Momentum continues to mount for General Motors Co. and its hot new Chevrolet Cruze.
Just yesterday, GM announced it had posted a $1.3 billion profit in the second quarter of 2010, its best in six years and a major turnaround from its $12.8 billion loss in the second quarter of 2009. Considering that the No. 1 North American automaker was teetering on the brink of bankruptcy just 18 months ago, its soaring profitability illustrates that it has learned valuable lessons from past blunders and is poised for ongoing growth and vitality.
As a result of that good news, GM is expected to file paperwork today laying the groundwork for an initial public stock offering — a historic step that will begin the government’s exit from its ownership stake in the automaker.
The timing of those developments and the optimism and enthusiasm they engender could not have been more propitious, particularly for the Mahoning Valley and its sprawling Lordstown production complex.
Just this week, the Lordstown work force began limited production of showroom-ready Cruzes. The plant’s evolution from a one-shift production schedule whose very future was in doubt to a buzzing, three-shift, full-capacity, state-of-the-art auto factory parallels GM’s meteoric rise from the ashes.
MANY SING PRAISES OF CRUZE
In addition to the momentum the plant received from a $350 million makeover to produce the Cruze, recent reviews of the new crown jewel of Lordstown — and perhaps GM itself — could not be more glowing. Consider:
“Now, there is solid evidence that GM is fighting back. It is the 2011 Chevrolet Cruze, arguably the first small Chevy in 20 years that GM designed to be better than the competition,” Warren Brown of The Washington Post wrote this week.
David Indiviglio writes in this month’s Atlantic: “Overall, I thought the Cruze was a very nice car. Drivers who switch from a Civic or Corolla to the Cruze should be pleased.”

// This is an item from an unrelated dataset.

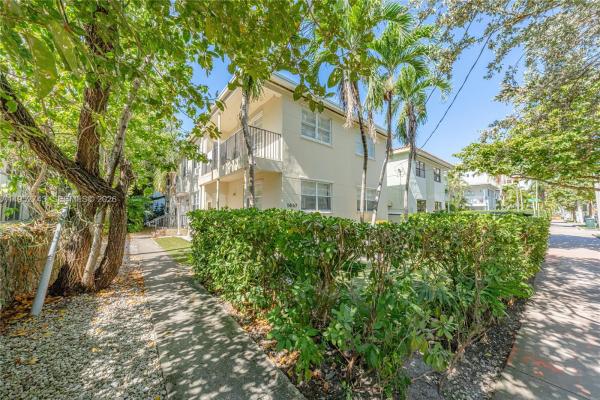 Lincoln Terrace, 1610 Bay Rd, Miami Beach, Florida 33139, image 1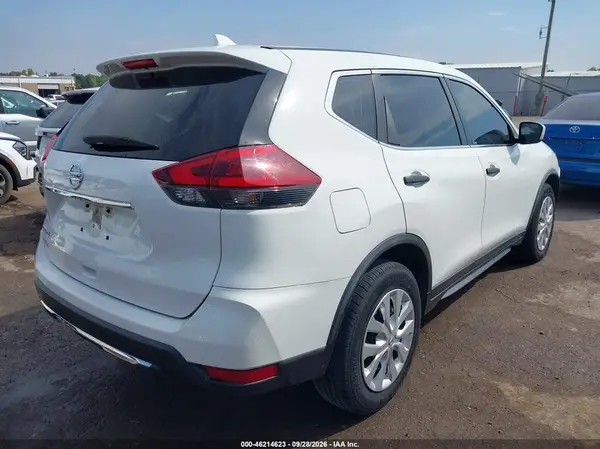 JN8AT2MT1LW032778 — 2020 Nissan Rogue, фото 4 с аукциона IAAI, Передняя часть слева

Ron Amadon of The Wall Street Journal compliments the Cruze thusly: “I would say that for the first time Chevy has a car that is the equal of anything on the market today and one that is light years ahead of the Cobalt in refinement. We all said that they could do it, and now they have.”
Fortunately, however, local and national leaders of GM and of the United Auto Workers union are not letting the avalanche of praise go to their heads.
“We are taking it slow and methodically. We want to make sure that every car that comes off the line is perfect,” said Jim Graham, longtime president of UAW Local 1112, which represents assembly workers at the Lordstown complex.
This go-slow approach has been the hallmark of the Cruze since its inception. Its formal launch was postponed several months to give GM more time to test and troubleshoot the vehicle. The result ought to ensure the Cruze will not be your granddaddy’s old — and often much maligned — GM compact Chevy.
We commend GM and UAW leaders locally and nationally for their attention to detail, quality, looks, engineering and safety aspects of the Cruze. As a result, we are confident that this product will meet and likely exceed the nearly universal positive hype it has generated.